The immortalized septal cell line, SN56 B5 G4, generated by the fusion of mouse septal area cells and neuroblastoma cells, was used to determine if nimodipine, an antagonist of voltage sensitive calcium 'L' channels, might act in a neuroprotective fashion when intracellular calcium levels were raised by incubation in ouabain and monensin. Fluorescent indicator dyes and the automated spectrofluorometer, the CytoFluor 2300, were used to analyze specific cellular targets and functions affected by ouabain and monensin and possible protection by prior incubation with nimodipine. Ouabain and monensin were used together to create a time- and dose-dependent toxic episode. Increases in the emission intensity of Fluo3-AM demonstrated that the concentration of intracellular calcium was monotonically increased by increasing levels of ouabain-monensin. The calcein-AM fluorescent probe indicated that there were no changes in plasma membrane permeability during the toxic episode. Lysosomal integrity decreased as indicated by decreases in neutral red retention. The concentration of free radicals increased as shown by the increase in emission intensity of 2',7'-dichlorfluorescein.

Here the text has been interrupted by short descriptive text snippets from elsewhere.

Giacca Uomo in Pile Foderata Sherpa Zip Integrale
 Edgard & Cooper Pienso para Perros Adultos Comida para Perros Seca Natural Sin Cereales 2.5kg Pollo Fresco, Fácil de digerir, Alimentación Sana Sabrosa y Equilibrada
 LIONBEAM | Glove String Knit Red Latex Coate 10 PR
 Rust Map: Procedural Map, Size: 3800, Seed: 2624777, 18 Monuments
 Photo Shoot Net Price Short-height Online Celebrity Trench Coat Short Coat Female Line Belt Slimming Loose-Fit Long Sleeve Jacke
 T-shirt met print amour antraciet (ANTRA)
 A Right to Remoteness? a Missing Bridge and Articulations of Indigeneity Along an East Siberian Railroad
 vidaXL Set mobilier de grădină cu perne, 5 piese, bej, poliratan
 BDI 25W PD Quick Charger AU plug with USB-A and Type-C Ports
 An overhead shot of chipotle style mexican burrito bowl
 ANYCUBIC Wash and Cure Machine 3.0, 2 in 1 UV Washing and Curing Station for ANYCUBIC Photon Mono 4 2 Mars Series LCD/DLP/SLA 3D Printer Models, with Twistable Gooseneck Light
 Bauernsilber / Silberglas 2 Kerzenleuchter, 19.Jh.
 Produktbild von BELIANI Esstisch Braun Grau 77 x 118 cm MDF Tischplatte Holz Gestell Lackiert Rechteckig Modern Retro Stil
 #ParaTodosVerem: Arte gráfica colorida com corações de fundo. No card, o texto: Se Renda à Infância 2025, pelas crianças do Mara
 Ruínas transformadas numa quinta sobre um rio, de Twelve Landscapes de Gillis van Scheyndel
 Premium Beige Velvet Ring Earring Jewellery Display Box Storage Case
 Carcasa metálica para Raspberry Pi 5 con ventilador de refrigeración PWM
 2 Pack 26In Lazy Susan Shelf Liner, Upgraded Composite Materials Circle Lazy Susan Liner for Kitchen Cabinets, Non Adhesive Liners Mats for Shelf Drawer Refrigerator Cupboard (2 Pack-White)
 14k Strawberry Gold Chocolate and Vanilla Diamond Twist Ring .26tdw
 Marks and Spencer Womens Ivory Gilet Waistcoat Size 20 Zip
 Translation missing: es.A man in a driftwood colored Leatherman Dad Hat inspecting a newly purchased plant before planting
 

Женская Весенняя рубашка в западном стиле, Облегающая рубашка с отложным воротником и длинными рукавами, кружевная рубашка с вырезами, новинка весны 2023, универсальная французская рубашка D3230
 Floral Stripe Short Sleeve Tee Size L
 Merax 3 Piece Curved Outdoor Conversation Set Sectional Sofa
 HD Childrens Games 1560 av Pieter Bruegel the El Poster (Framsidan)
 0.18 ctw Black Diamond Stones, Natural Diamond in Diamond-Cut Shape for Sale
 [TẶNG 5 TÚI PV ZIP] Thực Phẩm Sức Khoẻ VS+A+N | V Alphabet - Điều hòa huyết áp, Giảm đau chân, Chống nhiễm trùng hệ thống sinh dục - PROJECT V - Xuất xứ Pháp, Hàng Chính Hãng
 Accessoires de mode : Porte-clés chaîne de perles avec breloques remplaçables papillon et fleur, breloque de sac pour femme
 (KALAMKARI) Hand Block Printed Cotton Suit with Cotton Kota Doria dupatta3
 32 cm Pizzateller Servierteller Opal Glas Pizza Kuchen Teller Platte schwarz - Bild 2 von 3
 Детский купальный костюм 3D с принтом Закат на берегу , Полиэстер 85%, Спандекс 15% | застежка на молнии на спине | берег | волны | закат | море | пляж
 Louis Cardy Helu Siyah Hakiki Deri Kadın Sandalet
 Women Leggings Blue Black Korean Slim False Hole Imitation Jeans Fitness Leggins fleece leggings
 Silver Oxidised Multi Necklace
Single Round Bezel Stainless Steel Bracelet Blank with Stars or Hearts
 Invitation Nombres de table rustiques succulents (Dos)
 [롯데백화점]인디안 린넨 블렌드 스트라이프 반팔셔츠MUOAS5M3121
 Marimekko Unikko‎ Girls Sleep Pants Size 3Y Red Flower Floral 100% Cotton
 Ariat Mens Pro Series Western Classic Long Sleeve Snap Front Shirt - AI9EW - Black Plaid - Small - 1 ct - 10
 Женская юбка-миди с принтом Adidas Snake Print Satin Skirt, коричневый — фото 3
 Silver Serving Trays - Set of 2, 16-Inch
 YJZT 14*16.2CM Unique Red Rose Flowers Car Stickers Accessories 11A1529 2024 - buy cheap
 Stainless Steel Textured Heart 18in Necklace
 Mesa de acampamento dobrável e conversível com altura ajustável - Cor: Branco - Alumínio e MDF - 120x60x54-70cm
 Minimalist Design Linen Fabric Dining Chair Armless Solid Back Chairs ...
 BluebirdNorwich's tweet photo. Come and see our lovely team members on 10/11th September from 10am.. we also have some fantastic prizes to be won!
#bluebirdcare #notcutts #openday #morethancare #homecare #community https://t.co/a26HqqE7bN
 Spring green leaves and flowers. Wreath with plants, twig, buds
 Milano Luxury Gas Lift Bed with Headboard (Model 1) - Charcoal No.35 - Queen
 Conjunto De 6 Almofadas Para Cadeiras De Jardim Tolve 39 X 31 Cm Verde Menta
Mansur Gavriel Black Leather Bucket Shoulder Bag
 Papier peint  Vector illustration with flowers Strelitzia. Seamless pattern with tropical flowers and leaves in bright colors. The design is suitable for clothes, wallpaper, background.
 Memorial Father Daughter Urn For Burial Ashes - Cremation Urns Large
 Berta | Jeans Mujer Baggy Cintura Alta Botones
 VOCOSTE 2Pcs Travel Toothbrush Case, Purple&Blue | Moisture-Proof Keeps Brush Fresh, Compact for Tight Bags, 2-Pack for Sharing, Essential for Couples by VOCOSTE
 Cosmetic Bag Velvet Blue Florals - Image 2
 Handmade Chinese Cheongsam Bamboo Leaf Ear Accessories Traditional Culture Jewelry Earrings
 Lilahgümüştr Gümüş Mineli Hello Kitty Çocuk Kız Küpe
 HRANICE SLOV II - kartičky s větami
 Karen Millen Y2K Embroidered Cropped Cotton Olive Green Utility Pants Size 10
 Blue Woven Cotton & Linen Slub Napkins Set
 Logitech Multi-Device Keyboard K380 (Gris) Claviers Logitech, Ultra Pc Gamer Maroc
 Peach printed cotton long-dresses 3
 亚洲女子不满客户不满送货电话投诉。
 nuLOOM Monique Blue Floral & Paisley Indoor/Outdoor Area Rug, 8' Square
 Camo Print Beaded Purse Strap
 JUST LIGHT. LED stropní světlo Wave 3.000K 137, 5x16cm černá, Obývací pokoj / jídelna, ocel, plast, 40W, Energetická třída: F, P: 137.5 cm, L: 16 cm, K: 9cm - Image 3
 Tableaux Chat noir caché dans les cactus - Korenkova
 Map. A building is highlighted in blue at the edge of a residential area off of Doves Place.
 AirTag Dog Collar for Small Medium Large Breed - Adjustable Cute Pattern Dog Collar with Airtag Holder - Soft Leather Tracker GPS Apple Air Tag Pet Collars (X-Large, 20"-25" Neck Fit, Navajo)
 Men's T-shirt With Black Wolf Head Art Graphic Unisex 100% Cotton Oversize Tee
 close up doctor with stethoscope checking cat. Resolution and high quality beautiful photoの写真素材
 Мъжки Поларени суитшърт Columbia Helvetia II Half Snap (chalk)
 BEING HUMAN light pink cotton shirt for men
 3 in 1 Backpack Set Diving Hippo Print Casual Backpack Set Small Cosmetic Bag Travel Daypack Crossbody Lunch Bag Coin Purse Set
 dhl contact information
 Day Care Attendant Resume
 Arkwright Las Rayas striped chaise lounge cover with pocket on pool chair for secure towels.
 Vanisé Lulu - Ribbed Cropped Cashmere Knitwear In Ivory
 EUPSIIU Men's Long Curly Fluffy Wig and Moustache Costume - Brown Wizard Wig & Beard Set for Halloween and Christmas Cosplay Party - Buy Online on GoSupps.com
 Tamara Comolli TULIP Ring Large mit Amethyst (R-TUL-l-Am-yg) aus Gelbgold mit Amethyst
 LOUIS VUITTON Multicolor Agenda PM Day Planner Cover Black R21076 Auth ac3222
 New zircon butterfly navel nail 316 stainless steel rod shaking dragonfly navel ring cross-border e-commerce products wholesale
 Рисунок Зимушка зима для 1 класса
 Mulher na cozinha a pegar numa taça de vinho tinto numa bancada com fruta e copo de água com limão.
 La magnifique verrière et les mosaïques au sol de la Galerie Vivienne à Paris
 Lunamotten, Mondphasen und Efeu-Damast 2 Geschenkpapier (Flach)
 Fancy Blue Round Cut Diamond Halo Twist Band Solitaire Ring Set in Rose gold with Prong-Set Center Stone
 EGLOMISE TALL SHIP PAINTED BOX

Nimodipine pretreatment of the cells incubated with ouabain and monensin resulted in apparent protection of lysosomes and a reduction in the level of free radicals. While nimodipine, by itself, produced a small decrease in intracellular calcium, it actually augmented the ouabain-monensin induced increase in intracellular calcium. The data suggest that in immortalized septal cells, (a) nimodipine offers protection to certain of the responses induced by ouabain-monensin, (b) the protection offered by nimodipine may be independent of antagonism of voltage sensitive calcium channels, and (c) that the protective changes can occur at the same time that intracellular calcium is increasing. These latter observations question the hypothesis that the protection against cell death and dysfunction offered by nimodipine is due solely to maintaining calcium homeostasis.